The models of both its orbit and the Milky Way's potential field could be improved by proper motion observations of Sgr dSph's stellar debris. This issue is under intense investigation, with computational support by the MilkyWay@Home project.

A simulation published in 2011 suggested that the Milky Way may have obtained its spiral structure as a result of repeated collisions with Sgr dSph.

In 2018, the Gaia project of the European Space Agency, designed primarily to investigate the origin, evolution and structure of the Milky Way, delivered the largest and most precise census of positions, velocities and other stellar properties of more than a billion stars, which showed that Sgr dSph had caused perturbations in a set of stars near the Milky Way's core, causing unexpected rippling movements of the stars triggered when it sailed past the Milky Way between 300 and 900 million years ago.
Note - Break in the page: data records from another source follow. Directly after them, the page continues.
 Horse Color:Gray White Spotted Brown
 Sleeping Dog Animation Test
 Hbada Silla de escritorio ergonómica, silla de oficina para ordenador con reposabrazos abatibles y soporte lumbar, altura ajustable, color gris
A 2019 study by TCU Graduate Student Matthew Melendez and co-authors concluded that Sgr dSph had a decreasing metallicity trend as a function of radius, with a larger spread in metallicity in the core relative to the outer regions. Also, they did find evidence for the first time for two distinct populations in alpha abundances as a function of metallicity.

A 2020 study concluded that collisions between the Sagittarius Dwarf Spheroidal Galaxy and the Milky Way triggered major episodes of star formation in the latter, based on data taken from the Gaia project.